Connor Long possesses tremendous empathy at such a young age:

The one thing that makes me really made is when people walk down the road and say… the ‘r’ word, if you now what that is. I just tell them that like it doesn’t matter what it looks like on the outside, it matters what’s on the inside. He still has regular feelings like we do. And he understands what you say about him.

“He understands what you say about him.” Connor speaks the truth. While I’ve never had anyone use the r-word in reference to me, I have had people say things like “if you didn’t dress that way people wouldn’t be so uncomfortable around you.” I got comments like that a lot when I lived as a butch woman. I understand that the speaker thought themselves as helpful, like I had toilet paper stuck to my shoe. They wanted to let me know why I kept getting snickers and wayward glances from strangers.
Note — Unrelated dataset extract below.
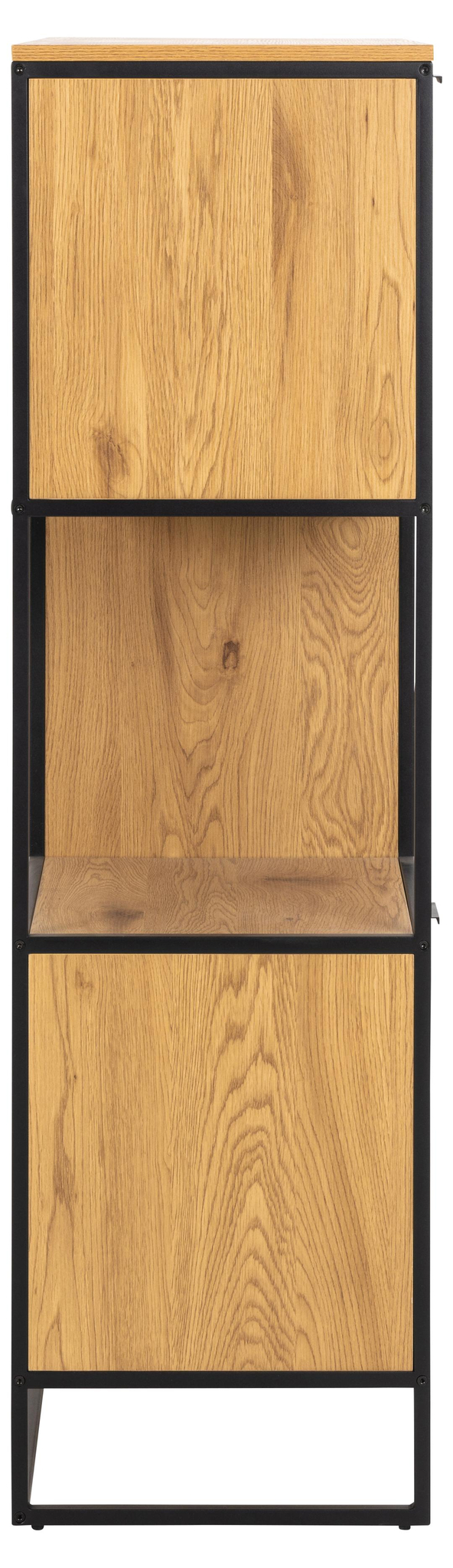 Boekenkast Swindon 8211 Mat Wild Eiken 8211 Metaal Boekenkast Swindon 8211 Mat Wild Eiken 8211 Metaal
Underneath the comments, though, I felt the speakers thought me an idiot. But, more importantly, they assumed I did not understand why people stared at me. Cayden gets stared at for reasons very different from mine. But that some people thought us idiots, I understand completely. That people using the r-word despise someone like Cayden, I understand.

Cayden, like so many of us who live lives in bodies different from normal (although I have no idea what that means, really), “still has regular feelings….” Please remember that. Remember it especially when you want to the r-word.